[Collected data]
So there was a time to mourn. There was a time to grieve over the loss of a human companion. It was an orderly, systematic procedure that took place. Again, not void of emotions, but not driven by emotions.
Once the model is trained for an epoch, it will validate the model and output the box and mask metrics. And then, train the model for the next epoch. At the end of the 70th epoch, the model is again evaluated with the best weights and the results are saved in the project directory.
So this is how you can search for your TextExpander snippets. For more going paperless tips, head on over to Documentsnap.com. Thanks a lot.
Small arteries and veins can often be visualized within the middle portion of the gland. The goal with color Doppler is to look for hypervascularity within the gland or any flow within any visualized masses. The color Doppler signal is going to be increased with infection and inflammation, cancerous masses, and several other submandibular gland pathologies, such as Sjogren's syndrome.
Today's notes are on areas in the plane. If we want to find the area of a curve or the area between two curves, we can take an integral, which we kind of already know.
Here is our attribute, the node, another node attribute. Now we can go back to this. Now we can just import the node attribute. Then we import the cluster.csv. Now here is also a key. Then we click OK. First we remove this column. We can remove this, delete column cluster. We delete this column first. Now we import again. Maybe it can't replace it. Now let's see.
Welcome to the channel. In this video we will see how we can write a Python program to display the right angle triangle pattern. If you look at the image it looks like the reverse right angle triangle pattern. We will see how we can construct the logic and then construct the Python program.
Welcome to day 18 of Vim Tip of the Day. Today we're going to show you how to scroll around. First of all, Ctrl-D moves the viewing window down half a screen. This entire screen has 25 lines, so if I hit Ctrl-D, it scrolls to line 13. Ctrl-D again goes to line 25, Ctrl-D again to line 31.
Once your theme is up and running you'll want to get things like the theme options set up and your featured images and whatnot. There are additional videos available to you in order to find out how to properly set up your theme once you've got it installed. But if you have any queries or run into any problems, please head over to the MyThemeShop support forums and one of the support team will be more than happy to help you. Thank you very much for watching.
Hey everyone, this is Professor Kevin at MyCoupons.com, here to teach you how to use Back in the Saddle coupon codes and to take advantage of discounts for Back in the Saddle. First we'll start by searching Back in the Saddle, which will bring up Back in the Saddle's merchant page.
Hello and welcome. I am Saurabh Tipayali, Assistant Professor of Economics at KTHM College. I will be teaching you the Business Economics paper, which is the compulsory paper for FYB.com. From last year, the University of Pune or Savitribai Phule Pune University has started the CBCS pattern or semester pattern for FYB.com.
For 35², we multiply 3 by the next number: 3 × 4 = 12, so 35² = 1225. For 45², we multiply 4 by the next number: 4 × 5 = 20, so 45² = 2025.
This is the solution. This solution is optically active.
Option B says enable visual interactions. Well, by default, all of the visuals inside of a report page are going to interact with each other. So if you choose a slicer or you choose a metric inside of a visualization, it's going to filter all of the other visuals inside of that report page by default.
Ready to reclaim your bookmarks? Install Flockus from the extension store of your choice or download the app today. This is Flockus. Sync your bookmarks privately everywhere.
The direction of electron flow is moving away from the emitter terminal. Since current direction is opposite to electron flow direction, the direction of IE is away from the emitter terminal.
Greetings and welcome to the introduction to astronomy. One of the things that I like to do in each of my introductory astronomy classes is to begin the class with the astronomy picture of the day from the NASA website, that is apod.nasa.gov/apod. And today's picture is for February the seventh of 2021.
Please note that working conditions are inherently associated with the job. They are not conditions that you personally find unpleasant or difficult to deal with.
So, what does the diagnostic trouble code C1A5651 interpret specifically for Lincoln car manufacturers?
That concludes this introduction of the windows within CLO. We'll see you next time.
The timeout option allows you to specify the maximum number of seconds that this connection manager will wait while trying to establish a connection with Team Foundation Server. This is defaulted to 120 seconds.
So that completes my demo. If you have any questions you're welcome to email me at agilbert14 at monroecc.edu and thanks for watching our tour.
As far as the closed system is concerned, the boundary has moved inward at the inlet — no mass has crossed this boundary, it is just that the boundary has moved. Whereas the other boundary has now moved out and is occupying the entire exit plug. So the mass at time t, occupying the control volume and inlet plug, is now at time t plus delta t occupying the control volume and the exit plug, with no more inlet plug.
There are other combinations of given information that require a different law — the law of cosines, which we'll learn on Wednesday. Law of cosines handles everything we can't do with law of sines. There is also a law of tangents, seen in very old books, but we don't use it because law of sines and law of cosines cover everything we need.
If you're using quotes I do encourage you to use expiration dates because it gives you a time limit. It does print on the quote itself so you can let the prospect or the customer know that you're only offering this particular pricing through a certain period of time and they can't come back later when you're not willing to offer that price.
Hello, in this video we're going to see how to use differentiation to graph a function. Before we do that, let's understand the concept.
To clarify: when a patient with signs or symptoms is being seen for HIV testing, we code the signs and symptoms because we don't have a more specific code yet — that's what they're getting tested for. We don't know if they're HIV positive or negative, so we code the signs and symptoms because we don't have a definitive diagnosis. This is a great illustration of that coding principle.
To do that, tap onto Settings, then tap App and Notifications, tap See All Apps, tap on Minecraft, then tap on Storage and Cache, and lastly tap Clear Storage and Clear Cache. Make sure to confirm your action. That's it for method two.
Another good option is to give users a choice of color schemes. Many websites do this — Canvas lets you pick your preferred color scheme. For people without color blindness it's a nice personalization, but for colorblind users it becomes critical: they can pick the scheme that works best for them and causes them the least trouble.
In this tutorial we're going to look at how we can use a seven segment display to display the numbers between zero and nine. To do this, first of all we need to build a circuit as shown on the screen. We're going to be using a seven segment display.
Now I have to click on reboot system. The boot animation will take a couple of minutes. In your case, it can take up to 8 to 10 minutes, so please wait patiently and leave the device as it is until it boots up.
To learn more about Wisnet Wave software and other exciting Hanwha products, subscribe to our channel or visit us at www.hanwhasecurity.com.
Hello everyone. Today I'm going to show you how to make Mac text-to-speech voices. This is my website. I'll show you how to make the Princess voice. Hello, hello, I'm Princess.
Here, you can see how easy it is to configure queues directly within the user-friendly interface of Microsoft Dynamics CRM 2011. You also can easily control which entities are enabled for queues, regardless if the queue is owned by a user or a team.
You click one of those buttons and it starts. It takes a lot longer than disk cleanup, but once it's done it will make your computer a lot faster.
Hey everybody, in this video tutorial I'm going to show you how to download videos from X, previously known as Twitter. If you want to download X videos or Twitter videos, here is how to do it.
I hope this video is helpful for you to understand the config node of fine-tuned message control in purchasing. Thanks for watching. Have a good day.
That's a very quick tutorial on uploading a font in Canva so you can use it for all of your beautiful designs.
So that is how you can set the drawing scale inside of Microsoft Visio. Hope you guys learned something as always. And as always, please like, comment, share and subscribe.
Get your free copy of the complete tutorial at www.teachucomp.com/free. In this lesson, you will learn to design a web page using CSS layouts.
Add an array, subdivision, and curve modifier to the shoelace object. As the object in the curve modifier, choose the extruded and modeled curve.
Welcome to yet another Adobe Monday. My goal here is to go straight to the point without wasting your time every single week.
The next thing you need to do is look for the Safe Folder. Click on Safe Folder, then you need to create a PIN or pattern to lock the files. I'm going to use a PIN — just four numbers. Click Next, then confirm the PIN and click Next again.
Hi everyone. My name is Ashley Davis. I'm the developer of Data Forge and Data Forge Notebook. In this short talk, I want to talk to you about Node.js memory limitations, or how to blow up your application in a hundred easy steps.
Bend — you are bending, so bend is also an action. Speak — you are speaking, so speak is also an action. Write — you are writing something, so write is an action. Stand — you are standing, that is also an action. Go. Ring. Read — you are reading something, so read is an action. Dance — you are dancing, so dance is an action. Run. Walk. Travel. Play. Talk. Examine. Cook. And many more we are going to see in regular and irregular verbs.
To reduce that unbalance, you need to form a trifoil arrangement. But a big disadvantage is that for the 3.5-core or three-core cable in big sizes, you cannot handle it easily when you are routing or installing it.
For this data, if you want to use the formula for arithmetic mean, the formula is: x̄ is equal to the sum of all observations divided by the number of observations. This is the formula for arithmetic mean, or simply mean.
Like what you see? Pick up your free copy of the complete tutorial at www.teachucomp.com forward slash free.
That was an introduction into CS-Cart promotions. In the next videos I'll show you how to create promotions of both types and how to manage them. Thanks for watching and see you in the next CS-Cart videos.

| PROBLEM TO WORK ON |
Reproduce, character for character, only the lines of the preceding data that start at the line with "The timeout option" and end at the line with "So that completes", both included.

| SOLUTION BELOW |
The timeout option allows you to specify the maximum number of seconds that this connection manager will wait while trying to establish a connection with Team Foundation Server. This is defaulted to 120 seconds.
So that completes my demo. If you have any questions you're welcome to email me at agilbert14 at monroecc.edu and thanks for watching our tour.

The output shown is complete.